Get Better Playback from Netflix and Other Streaming Video Sites
Improve your web video-streaming experience to fix stuttering, long load times, and other video-streaming problems.
Netflix and other video-streaming services use a lot of bandwidth, especially at high-quality settings. HD video streams on Netflix use up to 3 GB an hour, while the highest-quality Ultra HD (4K) streams use up to 7 GB an hour. If you sometimes have awkward stuttering, long load times, or other playback issues, here are some solutions.
Free Up Some Bandwidth
Your Internet connection only provides so much bandwidth, and all of your devices and programs have to share it. Netflix might work fine under normal conditions, but if another device is slurping down data and saturating your Internet connection, it might not be so smooth.
Give your other devices a check and pause any downloads to make the stream work better. If you have roommates or family members sharing your Internet connection, ensure they pause big downloads.
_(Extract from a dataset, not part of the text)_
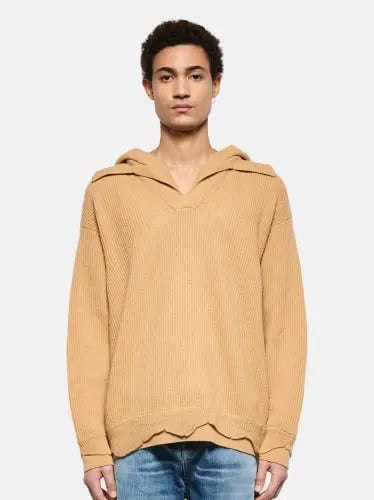 KNTTED HOODIE OVER-134-CAMEL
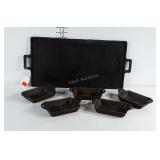 Cast iron griddle (unmarked) and 5 single serving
If this becomes a regular problem, you may want to upgrade to a faster Internet connection.
To save yourself some trouble, consider getting a router with a traffic-prioritization or quality-of-service feature. This allows you to prioritize your traffic, automatically slowing down less important data when necessary.
Try Watching at Off-Peak Hours
You don't actually have your own cable that goes from the Internet service provider to your front door. Instead, you and your neighbors share a line, and there's a certain amount of bandwidth that's divided among everyone. Most of the day, that doesn't matter a lot -- but it can become an issue when everyone is home after dinner. If all of your neighbors are trying to watch Netflix or use other high-bandwidth applications, this may cause your available bandwidth to drop.
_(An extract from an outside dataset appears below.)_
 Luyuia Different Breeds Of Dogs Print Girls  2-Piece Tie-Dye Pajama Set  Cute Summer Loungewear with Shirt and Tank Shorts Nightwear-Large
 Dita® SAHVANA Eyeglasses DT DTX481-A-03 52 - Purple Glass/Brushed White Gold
If you encounter this problem at high-usage times -- in evening hours after work -- try watching videos at an off-peak time and see if the streaming works better. This may not actually be a problem for you; it depends how much capacity your Internet service provider is providing to your neighborhood.
Try Another Video Service
You can avoid streaming problems by downloading video rather than streaming it. This might take a little more time up front, but the file is guaranteed to play back smoothly once it's done -- network problems can't interfere. This is particularly ideal if you're struggling with streaming problems during peak hours. Download videos at off-peak times and watch them during those peak usage hours.
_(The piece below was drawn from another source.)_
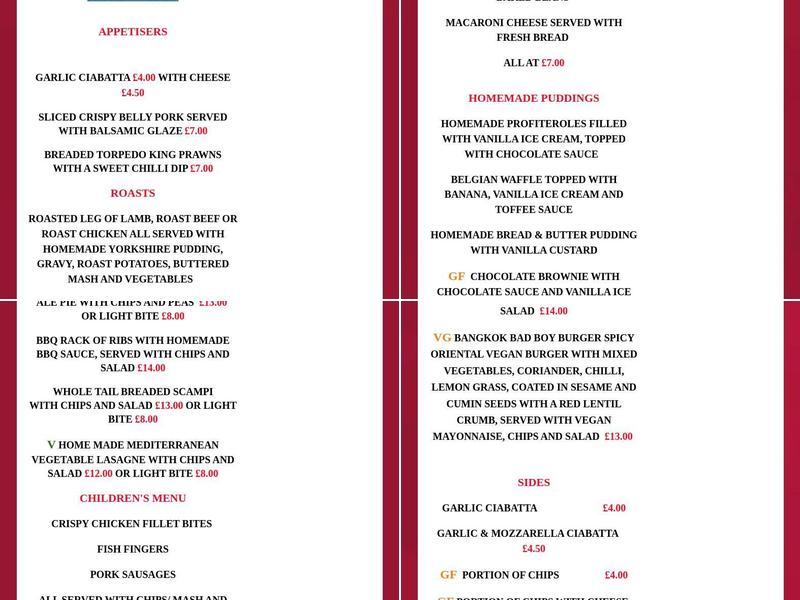 The Old Corner Bank Menu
Netflix won't allow you to download videos for watching offline. Amazon does offer some offline-viewing features, though, and you don't have to download the entire thing before starting to watch. Often, just getting a few minutes' head start is all you need to get a great playback experience. You might also consider renting or purchasing videos through a program like iTunes.
Go Wired, Not Wireless
Wi-Fi issues could also affect your streaming. Try plugging your streaming device into your router using a good old-fashioned wired Ethernet cable, if possible. This will eliminate any potential wireless interference issues, giving you fast wired Internet speeds.
If you must use Wi-Fi, try optimizing your Wi-Fi connection to reduce interference and boost signal strength. This will minimize the impact Wi-Fi issues could have on video streaming.
Check If Your ISP Is Throttling Netflix
Finally, some Internet service providers have occasionally fought with Netflix. They want Netflix to pay them money, and consequently they "throttle" that Netflix traffic to slow it down before it reaches you. This should hopefully not be an issue in the US under new net neutrality guidelines, but it may still be a problem elsewhere -- or if the new net neutrality rules are struck down in court, as the old ones were.
If you encounter this, try using a different video-streaming service. Your ISP may only be throttling Netflix. If you find Netflix is the only service that's slowed down and this is a constant problem for you, you could get a VPN. Access Netflix through the VPN and that VPN traffic should reach you unthrottled by your ISP.
This is only a good idea if your ISP is harshly throttling Netflix. Under normal conditions, a VPN will just slow things down a bit while adding additional cost and complications.